YOUR OBJECTIVE: Where the records below show a line containing "Manette indexable en", start copying; end with the line containing "Imagem de Camiseta", and copy it too.

AVAILABLE RECORDS:
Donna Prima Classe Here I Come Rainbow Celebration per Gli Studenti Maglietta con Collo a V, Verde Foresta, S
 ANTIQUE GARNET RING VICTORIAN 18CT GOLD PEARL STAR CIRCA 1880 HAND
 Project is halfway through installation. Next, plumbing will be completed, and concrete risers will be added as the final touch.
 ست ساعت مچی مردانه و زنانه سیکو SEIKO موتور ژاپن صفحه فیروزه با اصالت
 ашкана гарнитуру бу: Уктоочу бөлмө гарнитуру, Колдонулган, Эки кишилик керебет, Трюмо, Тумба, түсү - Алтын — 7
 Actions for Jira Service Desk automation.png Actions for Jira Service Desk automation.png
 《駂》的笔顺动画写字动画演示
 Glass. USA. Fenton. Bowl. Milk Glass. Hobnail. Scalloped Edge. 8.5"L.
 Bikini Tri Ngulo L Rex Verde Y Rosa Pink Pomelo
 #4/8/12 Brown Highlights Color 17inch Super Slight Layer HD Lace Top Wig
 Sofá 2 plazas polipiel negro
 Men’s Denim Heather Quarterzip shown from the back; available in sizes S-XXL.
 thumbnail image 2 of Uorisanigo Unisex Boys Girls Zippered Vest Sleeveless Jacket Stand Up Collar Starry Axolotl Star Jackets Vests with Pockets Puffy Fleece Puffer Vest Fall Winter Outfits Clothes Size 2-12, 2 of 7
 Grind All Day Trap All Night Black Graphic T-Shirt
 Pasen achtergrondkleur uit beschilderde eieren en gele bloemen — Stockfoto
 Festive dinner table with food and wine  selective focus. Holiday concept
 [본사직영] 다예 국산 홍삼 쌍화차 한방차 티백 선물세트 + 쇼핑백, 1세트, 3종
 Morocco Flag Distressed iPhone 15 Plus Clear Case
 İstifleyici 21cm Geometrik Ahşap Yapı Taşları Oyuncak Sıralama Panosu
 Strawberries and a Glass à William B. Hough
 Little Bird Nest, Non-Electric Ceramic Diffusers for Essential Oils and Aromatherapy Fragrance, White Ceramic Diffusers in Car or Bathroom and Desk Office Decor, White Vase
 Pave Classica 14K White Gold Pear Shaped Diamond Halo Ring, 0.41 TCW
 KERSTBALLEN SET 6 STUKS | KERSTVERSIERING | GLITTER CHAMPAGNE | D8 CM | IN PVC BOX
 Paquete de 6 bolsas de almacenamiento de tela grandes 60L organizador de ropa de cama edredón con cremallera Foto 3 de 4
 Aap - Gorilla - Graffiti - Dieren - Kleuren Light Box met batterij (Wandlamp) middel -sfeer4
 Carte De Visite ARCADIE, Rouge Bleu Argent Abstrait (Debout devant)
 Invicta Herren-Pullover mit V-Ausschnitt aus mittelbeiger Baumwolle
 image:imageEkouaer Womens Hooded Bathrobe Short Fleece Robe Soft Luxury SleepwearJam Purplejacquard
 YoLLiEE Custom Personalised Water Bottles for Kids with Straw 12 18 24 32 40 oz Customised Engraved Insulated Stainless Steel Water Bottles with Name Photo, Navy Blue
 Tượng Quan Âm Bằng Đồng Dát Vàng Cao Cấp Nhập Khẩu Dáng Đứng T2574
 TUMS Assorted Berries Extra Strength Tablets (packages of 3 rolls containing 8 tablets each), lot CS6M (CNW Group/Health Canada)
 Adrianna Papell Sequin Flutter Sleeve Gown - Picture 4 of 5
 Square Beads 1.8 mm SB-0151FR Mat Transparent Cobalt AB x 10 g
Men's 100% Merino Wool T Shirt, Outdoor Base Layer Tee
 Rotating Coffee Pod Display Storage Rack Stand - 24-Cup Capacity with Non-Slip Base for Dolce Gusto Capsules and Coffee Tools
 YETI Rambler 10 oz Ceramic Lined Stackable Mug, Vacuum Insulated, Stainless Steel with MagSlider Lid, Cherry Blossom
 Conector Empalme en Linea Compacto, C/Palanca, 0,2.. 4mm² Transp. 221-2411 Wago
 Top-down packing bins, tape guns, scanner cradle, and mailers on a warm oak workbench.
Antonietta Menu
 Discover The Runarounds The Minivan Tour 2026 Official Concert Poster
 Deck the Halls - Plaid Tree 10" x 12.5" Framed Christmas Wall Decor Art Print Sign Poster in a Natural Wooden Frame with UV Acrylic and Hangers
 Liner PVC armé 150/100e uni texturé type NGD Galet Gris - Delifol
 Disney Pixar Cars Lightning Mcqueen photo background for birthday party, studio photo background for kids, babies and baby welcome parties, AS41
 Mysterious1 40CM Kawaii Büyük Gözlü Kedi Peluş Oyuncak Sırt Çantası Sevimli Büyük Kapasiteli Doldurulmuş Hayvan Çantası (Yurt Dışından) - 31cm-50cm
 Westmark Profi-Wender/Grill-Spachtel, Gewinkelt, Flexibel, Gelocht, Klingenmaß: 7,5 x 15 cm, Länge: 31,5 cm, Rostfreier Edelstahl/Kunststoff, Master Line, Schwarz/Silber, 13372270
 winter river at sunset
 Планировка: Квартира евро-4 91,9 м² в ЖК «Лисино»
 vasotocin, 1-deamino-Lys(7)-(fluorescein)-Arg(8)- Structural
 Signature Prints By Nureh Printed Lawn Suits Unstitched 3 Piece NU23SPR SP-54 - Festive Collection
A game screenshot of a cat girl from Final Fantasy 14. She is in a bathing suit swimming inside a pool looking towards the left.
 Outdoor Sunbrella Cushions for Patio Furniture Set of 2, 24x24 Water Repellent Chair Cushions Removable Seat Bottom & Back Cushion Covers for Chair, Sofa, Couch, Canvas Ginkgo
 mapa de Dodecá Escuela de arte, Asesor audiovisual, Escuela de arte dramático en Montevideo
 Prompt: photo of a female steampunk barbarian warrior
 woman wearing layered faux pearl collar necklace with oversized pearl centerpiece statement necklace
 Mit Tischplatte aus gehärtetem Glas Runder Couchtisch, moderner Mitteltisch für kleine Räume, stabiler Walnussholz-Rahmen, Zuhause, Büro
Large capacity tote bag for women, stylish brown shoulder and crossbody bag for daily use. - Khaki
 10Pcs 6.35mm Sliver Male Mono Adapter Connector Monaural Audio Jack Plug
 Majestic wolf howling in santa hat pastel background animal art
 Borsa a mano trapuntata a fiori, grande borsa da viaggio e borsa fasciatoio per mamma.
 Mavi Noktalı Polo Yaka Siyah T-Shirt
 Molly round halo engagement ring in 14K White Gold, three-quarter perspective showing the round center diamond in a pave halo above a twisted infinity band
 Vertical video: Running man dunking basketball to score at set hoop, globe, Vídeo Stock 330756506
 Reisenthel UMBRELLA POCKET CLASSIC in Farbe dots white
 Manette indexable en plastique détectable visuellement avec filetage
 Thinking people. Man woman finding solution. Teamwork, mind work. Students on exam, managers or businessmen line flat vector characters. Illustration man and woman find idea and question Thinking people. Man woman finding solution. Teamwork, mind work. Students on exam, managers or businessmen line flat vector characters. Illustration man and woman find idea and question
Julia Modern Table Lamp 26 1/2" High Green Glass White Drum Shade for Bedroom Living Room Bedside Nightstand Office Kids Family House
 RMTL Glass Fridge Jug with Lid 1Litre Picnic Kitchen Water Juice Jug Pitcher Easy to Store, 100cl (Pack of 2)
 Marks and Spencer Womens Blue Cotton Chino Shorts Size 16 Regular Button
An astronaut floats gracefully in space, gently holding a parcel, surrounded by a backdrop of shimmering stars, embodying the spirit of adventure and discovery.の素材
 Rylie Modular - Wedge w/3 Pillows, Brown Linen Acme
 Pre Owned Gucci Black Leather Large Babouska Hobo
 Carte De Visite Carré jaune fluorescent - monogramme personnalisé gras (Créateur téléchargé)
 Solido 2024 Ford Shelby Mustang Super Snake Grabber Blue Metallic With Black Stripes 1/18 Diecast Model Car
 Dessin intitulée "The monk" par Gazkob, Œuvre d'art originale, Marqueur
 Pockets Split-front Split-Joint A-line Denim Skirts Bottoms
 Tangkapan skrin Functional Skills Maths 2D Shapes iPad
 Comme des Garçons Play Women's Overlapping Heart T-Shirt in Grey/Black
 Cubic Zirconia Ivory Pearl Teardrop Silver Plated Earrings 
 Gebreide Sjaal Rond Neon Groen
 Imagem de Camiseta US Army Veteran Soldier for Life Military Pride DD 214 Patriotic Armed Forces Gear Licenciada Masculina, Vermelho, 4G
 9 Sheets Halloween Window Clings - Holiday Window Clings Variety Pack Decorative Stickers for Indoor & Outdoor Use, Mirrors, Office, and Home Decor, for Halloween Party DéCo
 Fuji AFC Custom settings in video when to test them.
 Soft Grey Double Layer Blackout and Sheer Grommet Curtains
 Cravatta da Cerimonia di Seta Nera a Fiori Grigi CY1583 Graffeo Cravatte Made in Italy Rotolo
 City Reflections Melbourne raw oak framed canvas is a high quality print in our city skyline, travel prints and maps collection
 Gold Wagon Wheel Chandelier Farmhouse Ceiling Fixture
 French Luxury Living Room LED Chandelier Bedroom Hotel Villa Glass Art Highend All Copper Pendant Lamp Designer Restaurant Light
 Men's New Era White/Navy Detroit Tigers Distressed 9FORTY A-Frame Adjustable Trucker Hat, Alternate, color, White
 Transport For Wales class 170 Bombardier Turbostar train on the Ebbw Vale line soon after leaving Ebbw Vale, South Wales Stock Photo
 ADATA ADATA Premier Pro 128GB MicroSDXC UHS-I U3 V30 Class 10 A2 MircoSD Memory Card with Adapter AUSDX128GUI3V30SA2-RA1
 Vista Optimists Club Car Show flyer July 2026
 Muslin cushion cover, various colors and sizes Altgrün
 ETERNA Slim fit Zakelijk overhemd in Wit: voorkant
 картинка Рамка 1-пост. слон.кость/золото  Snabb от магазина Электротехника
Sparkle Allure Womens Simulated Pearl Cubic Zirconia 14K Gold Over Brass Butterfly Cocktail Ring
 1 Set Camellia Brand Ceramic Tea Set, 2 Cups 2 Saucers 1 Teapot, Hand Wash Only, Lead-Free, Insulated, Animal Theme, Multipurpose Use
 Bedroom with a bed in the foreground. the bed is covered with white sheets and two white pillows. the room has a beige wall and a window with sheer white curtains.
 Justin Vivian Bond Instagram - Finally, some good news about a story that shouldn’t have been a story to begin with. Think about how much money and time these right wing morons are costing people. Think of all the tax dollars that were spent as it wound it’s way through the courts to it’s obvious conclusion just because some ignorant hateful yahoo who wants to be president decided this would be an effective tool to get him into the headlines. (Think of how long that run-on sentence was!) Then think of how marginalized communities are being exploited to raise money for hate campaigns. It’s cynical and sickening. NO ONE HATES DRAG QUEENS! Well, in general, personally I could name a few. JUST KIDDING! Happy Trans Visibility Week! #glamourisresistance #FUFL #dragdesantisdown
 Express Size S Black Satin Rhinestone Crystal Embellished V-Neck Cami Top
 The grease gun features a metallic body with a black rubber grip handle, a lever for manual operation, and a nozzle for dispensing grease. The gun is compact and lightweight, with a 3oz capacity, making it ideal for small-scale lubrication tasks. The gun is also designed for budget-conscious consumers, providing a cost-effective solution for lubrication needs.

ANSWER TO THE PROBLEM:
 Manette indexable en plastique détectable visuellement avec filetage
 Thinking people. Man woman finding solution. Teamwork, mind work. Students on exam, managers or businessmen line flat vector characters. Illustration man and woman find idea and question Thinking people. Man woman finding solution. Teamwork, mind work. Students on exam, managers or businessmen line flat vector characters. Illustration man and woman find idea and question
Julia Modern Table Lamp 26 1/2" High Green Glass White Drum Shade for Bedroom Living Room Bedside Nightstand Office Kids Family House
 RMTL Glass Fridge Jug with Lid 1Litre Picnic Kitchen Water Juice Jug Pitcher Easy to Store, 100cl (Pack of 2)
 Marks and Spencer Womens Blue Cotton Chino Shorts Size 16 Regular Button
An astronaut floats gracefully in space, gently holding a parcel, surrounded by a backdrop of shimmering stars, embodying the spirit of adventure and discovery.の素材
 Rylie Modular - Wedge w/3 Pillows, Brown Linen Acme
 Pre Owned Gucci Black Leather Large Babouska Hobo
 Carte De Visite Carré jaune fluorescent - monogramme personnalisé gras (Créateur téléchargé)
 Solido 2024 Ford Shelby Mustang Super Snake Grabber Blue Metallic With Black Stripes 1/18 Diecast Model Car
 Dessin intitulée "The monk" par Gazkob, Œuvre d'art originale, Marqueur
 Pockets Split-front Split-Joint A-line Denim Skirts Bottoms
 Tangkapan skrin Functional Skills Maths 2D Shapes iPad
 Comme des Garçons Play Women's Overlapping Heart T-Shirt in Grey/Black
 Cubic Zirconia Ivory Pearl Teardrop Silver Plated Earrings 
 Gebreide Sjaal Rond Neon Groen
 Imagem de Camiseta US Army Veteran Soldier for Life Military Pride DD 214 Patriotic Armed Forces Gear Licenciada Masculina, Vermelho, 4G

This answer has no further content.